■ Given information:
□ □ □
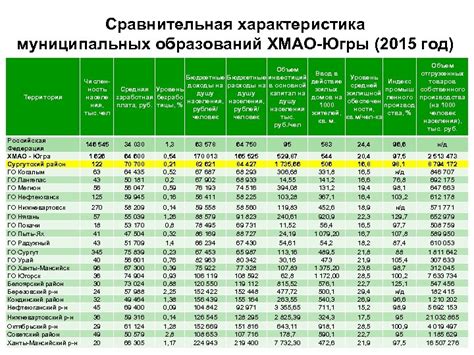 Районный коэффициент 1.25: что это такое и какое значение он имеет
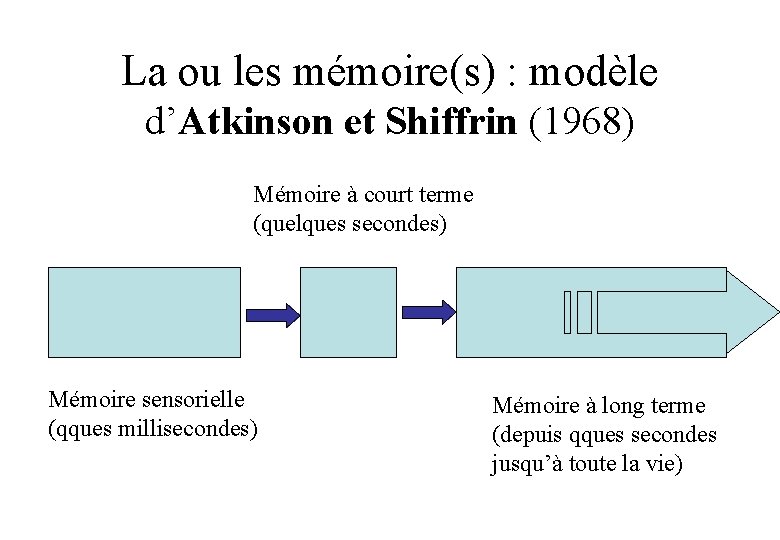 La ou les mémoire(s) : modèle d’Atkinson et Shiffrin (1968) Mémoire à court terme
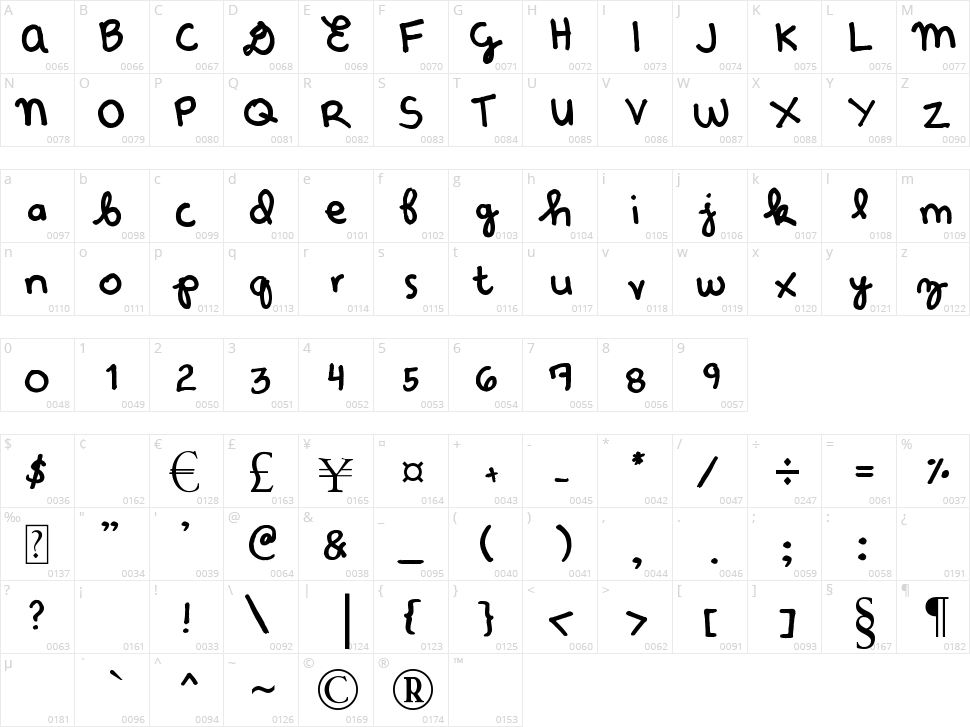 Denne Etude Character Map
□ □ □
■ Exercise goal: Leave the pictures out and set down the rest of the listing above exactly.

■ Solved problem:
 Районный коэффициент 1.25: что это такое и какое значение он имеет
 La ou les mémoire(s) : modèle d’Atkinson et Shiffrin (1968) Mémoire à court terme
 Denne Etude Character Map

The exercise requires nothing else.